LFO: Low Frequency Oscillator. This is the part of a synth that’s usually used to add vibrato, tremolo, or other regular variations to a sound. “Low” means that the oscillations are below the range of human hearing, but the Prophet ’08’s LFOs can actually be sped up well into the audible range.

CLAIM CHECK

Dave Smith says, “The Prophet ’08 was designed to fill a big void in the synth world. An eight-voice synth for about $2K, with a 100% analog signal path, stands alone. There are monophonic analog synths that cost more, and of course a zillion ‘virtual analog’ hard and soft synths, but there is nothing close to this instrument.
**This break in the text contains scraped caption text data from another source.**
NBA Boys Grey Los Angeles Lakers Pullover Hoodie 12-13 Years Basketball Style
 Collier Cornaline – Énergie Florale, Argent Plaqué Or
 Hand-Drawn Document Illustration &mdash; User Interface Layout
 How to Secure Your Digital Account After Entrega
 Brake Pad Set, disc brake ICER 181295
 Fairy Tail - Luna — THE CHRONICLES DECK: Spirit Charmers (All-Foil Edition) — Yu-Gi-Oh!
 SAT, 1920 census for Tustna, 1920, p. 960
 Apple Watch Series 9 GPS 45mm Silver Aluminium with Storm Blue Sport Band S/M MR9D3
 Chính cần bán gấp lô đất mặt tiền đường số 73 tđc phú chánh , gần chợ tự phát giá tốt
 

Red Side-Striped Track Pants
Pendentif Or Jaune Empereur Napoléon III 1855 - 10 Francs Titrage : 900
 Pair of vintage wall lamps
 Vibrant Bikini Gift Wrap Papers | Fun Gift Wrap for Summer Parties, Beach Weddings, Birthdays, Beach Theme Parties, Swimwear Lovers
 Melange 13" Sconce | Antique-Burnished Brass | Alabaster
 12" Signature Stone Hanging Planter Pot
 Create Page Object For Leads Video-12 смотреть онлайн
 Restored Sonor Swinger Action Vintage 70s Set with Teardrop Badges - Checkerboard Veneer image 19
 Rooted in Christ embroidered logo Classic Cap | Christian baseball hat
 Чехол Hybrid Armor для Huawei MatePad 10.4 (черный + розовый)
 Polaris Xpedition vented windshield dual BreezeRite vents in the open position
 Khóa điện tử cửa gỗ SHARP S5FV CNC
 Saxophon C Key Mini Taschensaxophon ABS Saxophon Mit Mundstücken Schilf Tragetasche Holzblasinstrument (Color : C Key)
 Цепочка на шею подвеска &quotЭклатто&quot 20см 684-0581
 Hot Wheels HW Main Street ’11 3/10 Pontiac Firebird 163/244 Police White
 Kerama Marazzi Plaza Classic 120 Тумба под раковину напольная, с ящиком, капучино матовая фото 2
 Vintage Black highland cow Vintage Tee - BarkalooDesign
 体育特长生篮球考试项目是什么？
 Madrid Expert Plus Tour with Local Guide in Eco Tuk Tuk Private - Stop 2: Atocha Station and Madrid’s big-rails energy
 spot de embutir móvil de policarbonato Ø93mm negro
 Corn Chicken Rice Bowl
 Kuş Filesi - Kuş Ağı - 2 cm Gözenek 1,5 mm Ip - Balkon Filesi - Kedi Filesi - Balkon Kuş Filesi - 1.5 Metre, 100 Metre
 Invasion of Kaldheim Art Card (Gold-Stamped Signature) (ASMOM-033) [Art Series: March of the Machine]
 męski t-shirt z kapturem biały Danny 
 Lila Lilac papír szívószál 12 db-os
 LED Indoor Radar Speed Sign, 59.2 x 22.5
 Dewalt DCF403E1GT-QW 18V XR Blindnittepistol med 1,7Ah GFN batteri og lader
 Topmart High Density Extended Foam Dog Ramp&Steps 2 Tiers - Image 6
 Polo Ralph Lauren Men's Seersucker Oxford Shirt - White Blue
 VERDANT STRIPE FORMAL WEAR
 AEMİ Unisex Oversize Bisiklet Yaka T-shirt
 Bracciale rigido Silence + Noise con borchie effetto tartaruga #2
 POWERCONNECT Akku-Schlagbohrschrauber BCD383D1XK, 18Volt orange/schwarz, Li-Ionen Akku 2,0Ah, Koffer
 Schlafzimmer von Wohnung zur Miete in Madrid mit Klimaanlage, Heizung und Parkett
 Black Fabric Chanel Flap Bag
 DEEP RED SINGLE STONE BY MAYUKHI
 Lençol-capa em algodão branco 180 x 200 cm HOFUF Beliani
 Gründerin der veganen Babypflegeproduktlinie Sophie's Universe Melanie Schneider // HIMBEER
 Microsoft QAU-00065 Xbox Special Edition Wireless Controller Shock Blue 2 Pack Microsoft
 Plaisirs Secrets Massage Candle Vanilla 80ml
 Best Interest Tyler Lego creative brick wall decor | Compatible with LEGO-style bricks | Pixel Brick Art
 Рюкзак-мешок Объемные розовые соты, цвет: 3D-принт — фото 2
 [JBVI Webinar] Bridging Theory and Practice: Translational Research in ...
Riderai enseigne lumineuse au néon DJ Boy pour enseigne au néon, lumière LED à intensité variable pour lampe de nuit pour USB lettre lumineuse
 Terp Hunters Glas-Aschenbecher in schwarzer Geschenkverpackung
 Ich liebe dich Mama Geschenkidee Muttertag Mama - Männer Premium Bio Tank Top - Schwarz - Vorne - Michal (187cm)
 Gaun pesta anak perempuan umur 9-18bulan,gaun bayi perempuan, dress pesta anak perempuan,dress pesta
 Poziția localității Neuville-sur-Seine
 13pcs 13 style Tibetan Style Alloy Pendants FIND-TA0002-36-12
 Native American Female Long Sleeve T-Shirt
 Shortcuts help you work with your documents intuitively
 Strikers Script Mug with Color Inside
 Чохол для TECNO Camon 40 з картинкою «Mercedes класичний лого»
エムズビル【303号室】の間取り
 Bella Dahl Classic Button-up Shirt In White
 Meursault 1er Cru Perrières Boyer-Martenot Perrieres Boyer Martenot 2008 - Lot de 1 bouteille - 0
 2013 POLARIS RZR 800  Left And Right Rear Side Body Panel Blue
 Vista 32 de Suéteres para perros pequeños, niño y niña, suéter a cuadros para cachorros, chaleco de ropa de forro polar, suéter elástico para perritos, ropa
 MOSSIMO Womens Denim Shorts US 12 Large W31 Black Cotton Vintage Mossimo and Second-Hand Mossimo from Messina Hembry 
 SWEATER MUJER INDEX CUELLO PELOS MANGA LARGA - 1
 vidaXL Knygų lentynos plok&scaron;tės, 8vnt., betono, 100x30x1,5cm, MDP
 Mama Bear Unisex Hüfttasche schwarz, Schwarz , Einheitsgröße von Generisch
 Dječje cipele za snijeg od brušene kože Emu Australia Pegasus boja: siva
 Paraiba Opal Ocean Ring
“It was time to rescue the Prophet name from the simulations, and let players hear and appreciate the real thing. The ’08 also re-introduces the easy-to-use, knob-per-function interface that’s been missing for too many years. While retaining the basic voice structure (and Curtis filters!) of the original Prophet-5, the ’08 goes well beyond it in terms of features, sound capability, and bang-for-buck. It’s already being appreciated by beginners who had always heard about the Prophets and now get to experience the sound. Pro musicians, on the other hand, feel like they’re being reunited with an old friend.”